A transport company charges $Rs.\,540$ to carry $25$ tonnes of weight. What will it cost to carry $35$tonnes?

Answer 1

Hint: One can think of a unitary method to solve this question. The only thing we are using here is the concept of proportionality. The only thing we have to do is to store the given values in some variables and then we have to find the unknown variable for the required quantity.
Formula used: $\dfrac{{{x_1}}}{{{y_1}}} = \dfrac{{{x_2}}}{{{y_2}}}$

Complete step-by-step answer:
Here in the question, it is given that the mass of $1$ chocolate bar is $0.5\,kg.$
Let,
${x_1} = \,Rs.\,540\,\,\,\,\,\,\,\,{y_1} = 25\,tonnes$
${x_2} = \,?\,\,\,\,\,\,\,\,\,\,\,\,\,{y_2} = 35\,tonnes$
We have to find the value of ${x_2}$.
Using unitary method,
$\dfrac{{{x_1}}}{{{y_1}}} = \dfrac{{{x_2}}}{{{y_2}}}$
On putting the values, we get
$\dfrac{{540}}{{25}} = \dfrac{{{x_2}}}{{35}}$
Using cross-multiplication method,
$\Rightarrow {x_2} = \dfrac{{540}}{{25}} \times 35$
$\Rightarrow {x_2} = Rs.\dfrac{{18900}}{{25}}$
$\Rightarrow {x_2} = Rs.\,756$
Hence, the charge to carry $35$ tonnes of weight is $Rs.\,756$ .

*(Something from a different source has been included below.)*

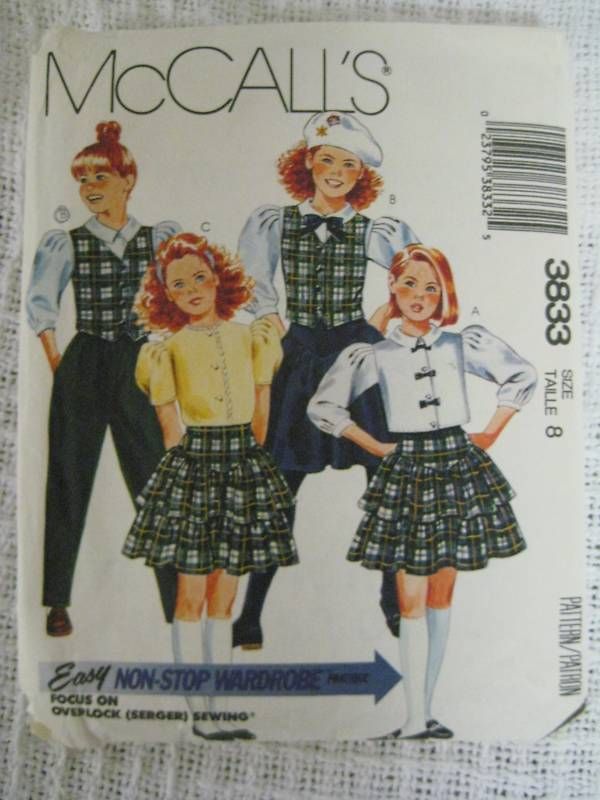 Vtg McCalls Girls SCHOOL UNIFORM SKIRT Sewing Pattern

Note: The unitary method is a technique for solving a problem by first finding the value of a single unit, and then finding the necessary value by multiplying the single unit value. In essence, this method is used to find the value of a unit from the value of a multiple, and hence the value of a multiple. This method is majorly used for ratio and proportion concepts.
In the unitary method there are two types of variation. The first one is direct variation and the second one is indirect variation. In direct variation, increase or decrease in one quantity will cause an increase or decrease in another quantity. But indirect variation is the inverse of direct variation. If we increase a quantity, then the value of another quantity decreases.